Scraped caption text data
★ ★ ★ ★ ★
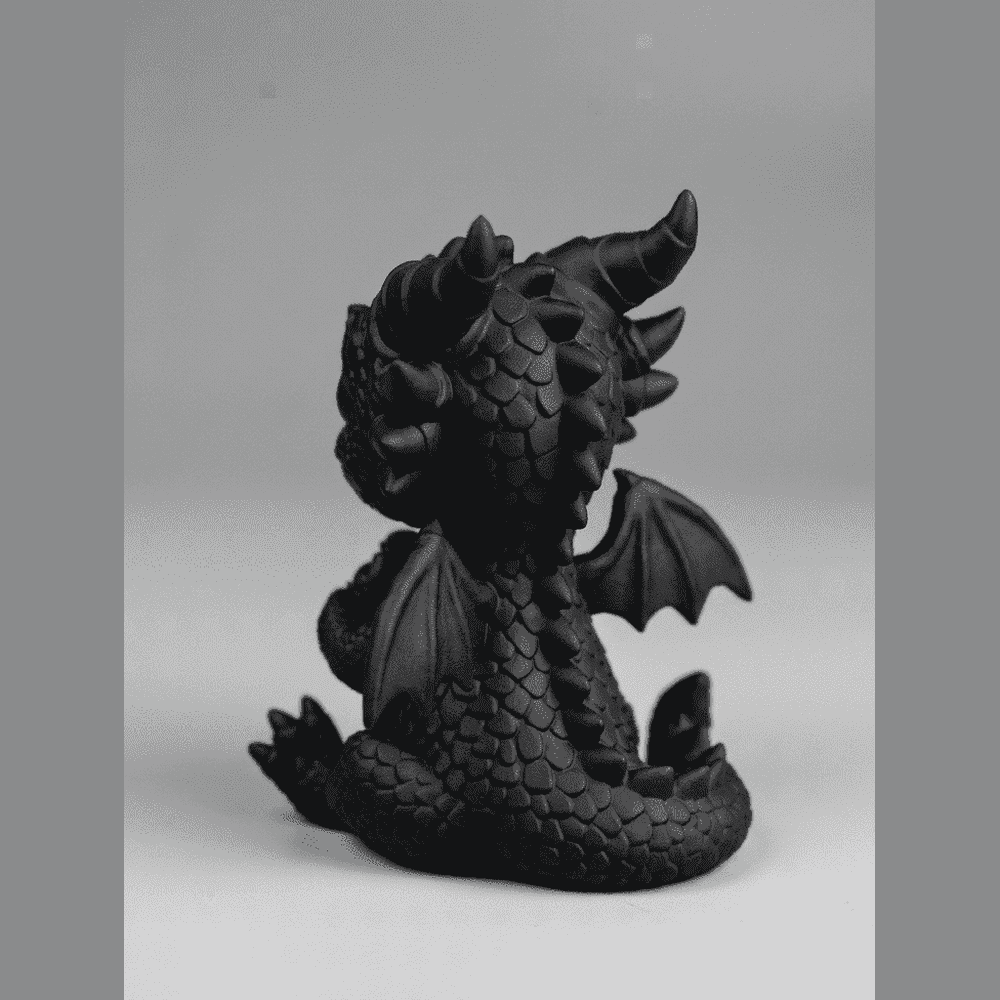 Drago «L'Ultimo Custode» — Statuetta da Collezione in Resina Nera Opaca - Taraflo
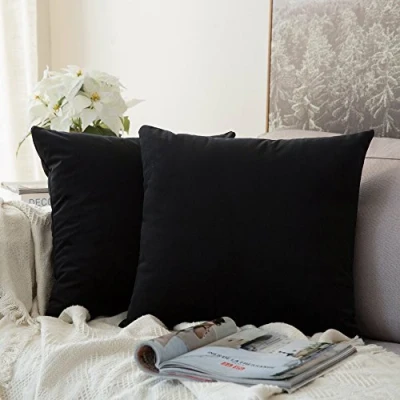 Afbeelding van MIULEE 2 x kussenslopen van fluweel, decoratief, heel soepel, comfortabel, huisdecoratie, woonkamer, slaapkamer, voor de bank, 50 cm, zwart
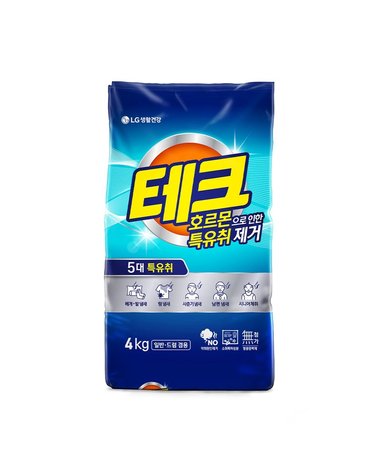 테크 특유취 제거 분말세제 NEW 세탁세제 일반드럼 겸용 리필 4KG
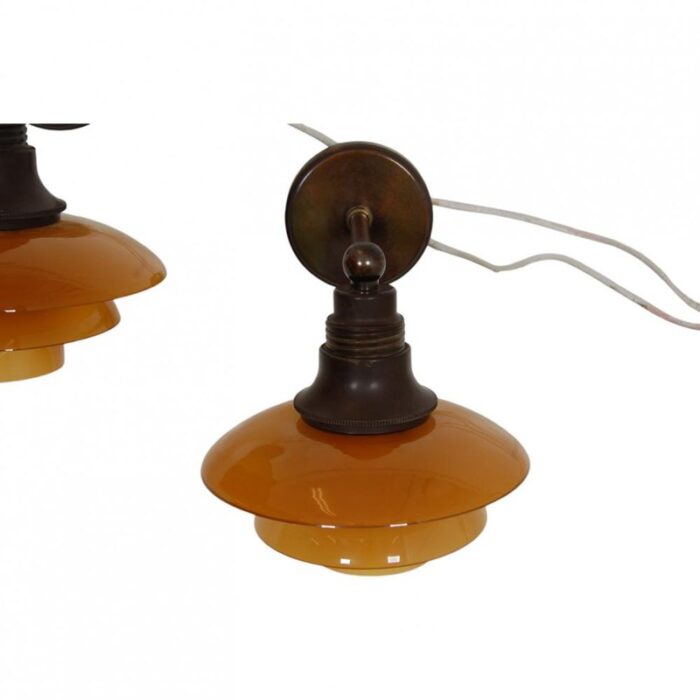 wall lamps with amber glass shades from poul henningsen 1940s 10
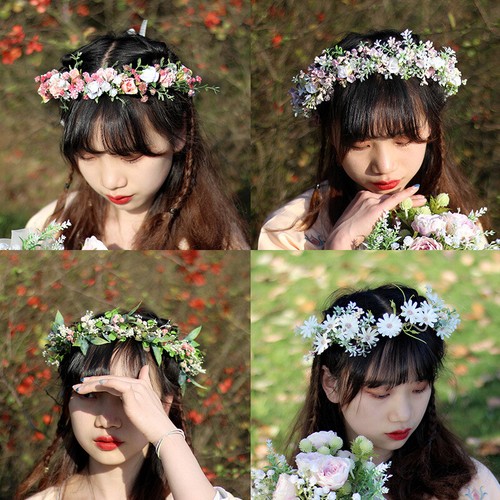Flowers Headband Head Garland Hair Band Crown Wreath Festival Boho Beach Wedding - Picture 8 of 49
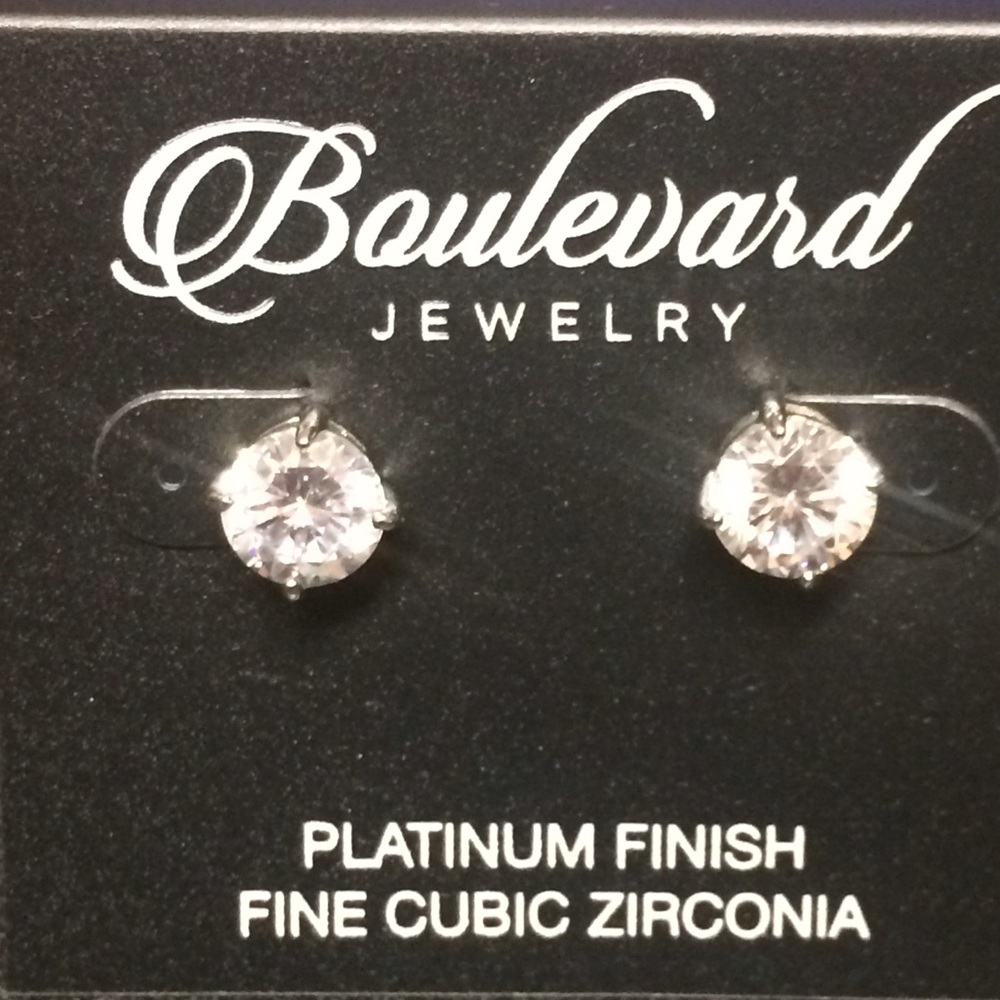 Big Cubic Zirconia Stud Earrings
★ ★ ★ ★ ★
_Work task_: What you give back must be the data above, reproduced exactly and free of pictures.

_Solution to this exercise_:
 Drago «L'Ultimo Custode» — Statuetta da Collezione in Resina Nera Opaca - Taraflo
 Afbeelding van MIULEE 2 x kussenslopen van fluweel, decoratief, heel soepel, comfortabel, huisdecoratie, woonkamer, slaapkamer, voor de bank, 50 cm, zwart
 테크 특유취 제거 분말세제 NEW 세탁세제 일반드럼 겸용 리필 4KG
 wall lamps with amber glass shades from poul henningsen 1940s 10
Flowers Headband Head Garland Hair Band Crown Wreath Festival Boho Beach Wedding - Picture 8 of 49
 Big Cubic Zirconia Stud Earrings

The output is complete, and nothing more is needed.